On Wednesday morning we woke up to the news that an earthquake had disappeared people and towns and history and beauty, some 70 miles from us. The whole country has been sad for days. As if we didn’t already feel sad and frightened from all the global politics and terrorism, mother nature drives it home with an earthquake. Suddenly we feel betrayed by the one thing we foolishly believe will always be a source of comfort and, yes, freedom.

Summer, for many of us, equals nature; swimming in ponds and seas, riding bikes or ponies along lanes, throwing a Frisbee in the park, listening to the last birdsong of the evening floating through the bedroom window as we drift into sleep. That nature can obliterate us in the night, without forewarning, is to be reminded that nature can be a mean mother.

We had appointments and errands in Siena on Wednesday. Even on the hottest day it’s narrow medieval streets provide shade. But on this day the shade provided no solace. A shadow has been cast upon the land. There is something about this tragedy that carries the inevitable with it.
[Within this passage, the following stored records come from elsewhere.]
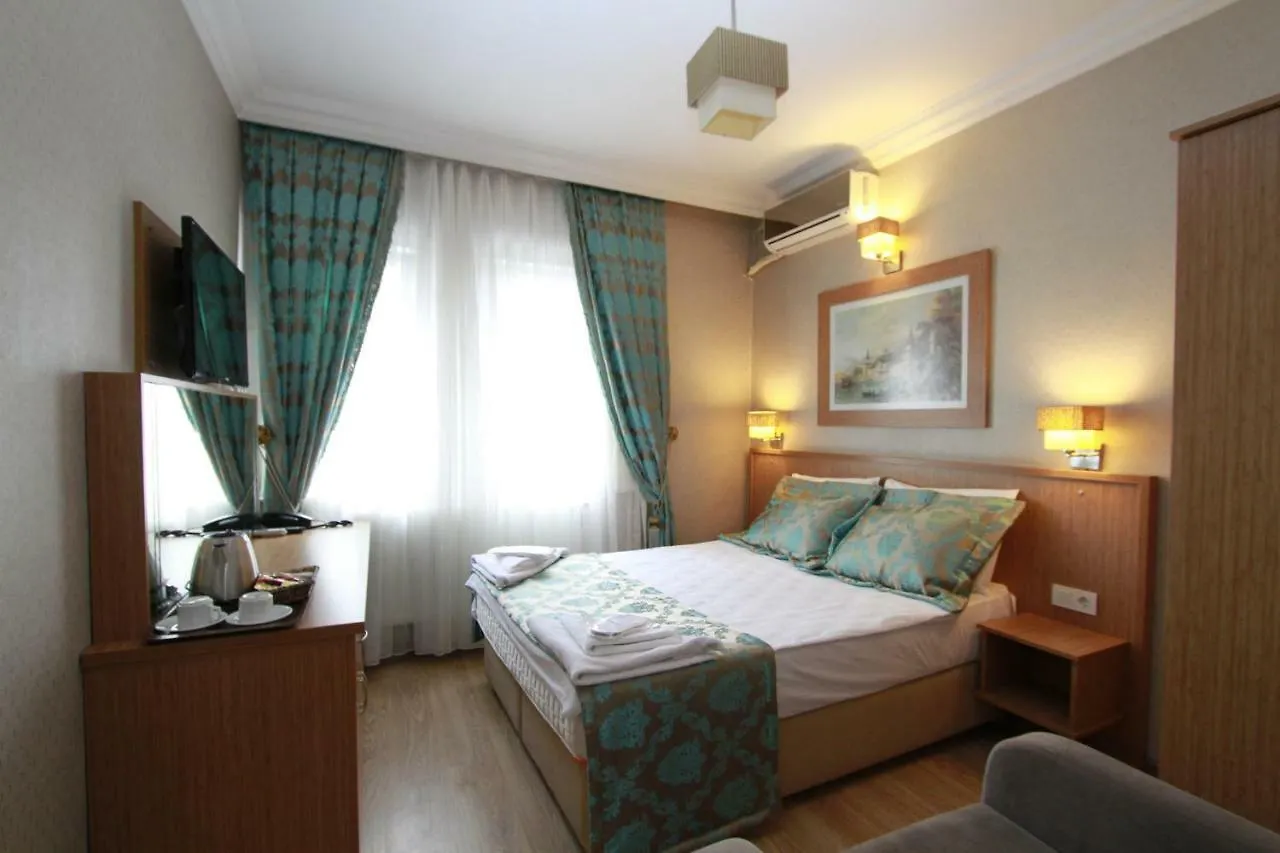Agora Boutique Hotel & Bistro Istambul 3*,  Turquia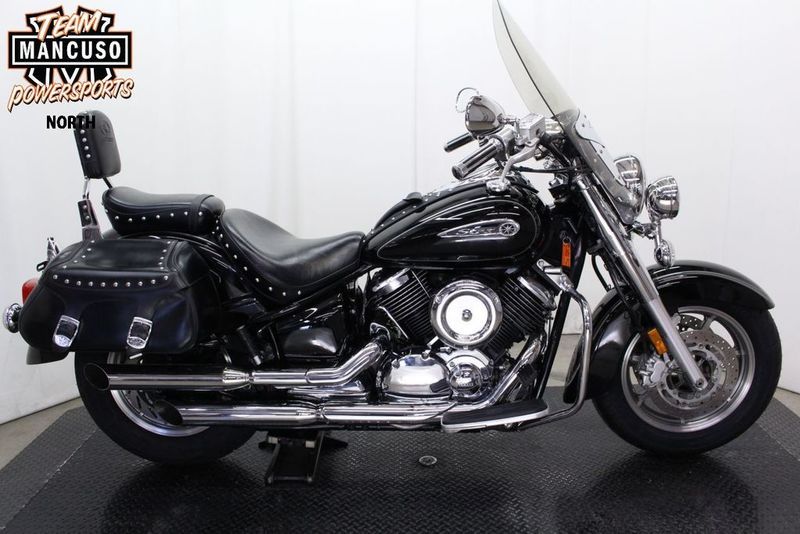 2009 Yamaha V Star 650 Classic - XVS65AYS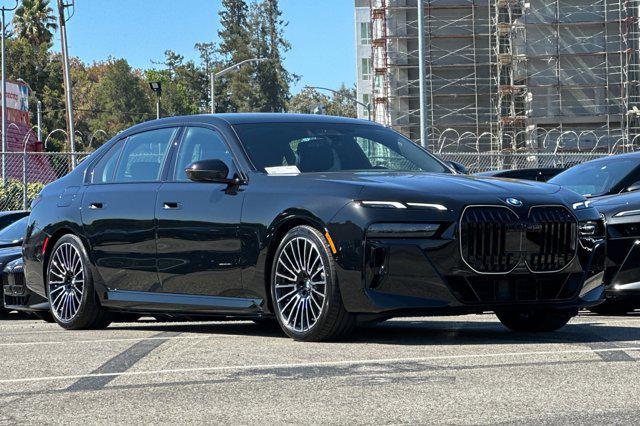 new 2026 BMW 750e car, priced at $128,430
Italy is basically a long, narrow peninsula whose spine is weak, flanked as it is by 2 major fault lines making it the most seismic prone country in Europe. We live outside the earthquake zone and because we are on elevated ground outside of the village, we are also outside of the flood zone. The village however, is not and has suffered 2 major floods in the last 4 years, the first of which knocked out 2 bridges and upheaved roads, the waters rushing through the streets and up through shops and houses to a level of 4 feet. As I’ve said before, there is no such thing as safety.

Yet just as crisis carries the possibility of opportunity, so tragedy provides the opportunity to express kindness and generosity. Our town, along with almost every other one in this country, mobilized a donation center immediately. Ours is a small , working class town struggling to survive its bankrupt government. Yet there we all were on Thursday and Friday, lining up with our bags of clothes and blankets, toiletries and cleaning supplies. Young and old working side by side; organizing, boxing, labeling, many of us weeping. On Saturday volunteers trucked the supplies directly to the victims.



Every nation, when a crisis hits it, likes to think it is the most generous, the most courageous, the most organized. It’s a shame we have to claim national ownership of such human attributes. Whether it is impoverished Greeks helping refugees out of boats or refugees helping Italian victims of an earthquake, we are all capable of stepping up to the plate. As much as Mother Nature takes, she also gives. For we, after all, are nature too; each of us struggling to make it through another day, another heat wave, another random act of violence.

Who knows why some of us have an easier time of it than others? Who knows why this rosebush is dying from the heat.

dying rose

While 3 feet away, this tiny thing clings to a stone wall, optimistically growing roots that have no hope of reaching earth. Perhaps it’s investing in the future should the day arrive that a strong wind displaces it, carrying it back to the earth.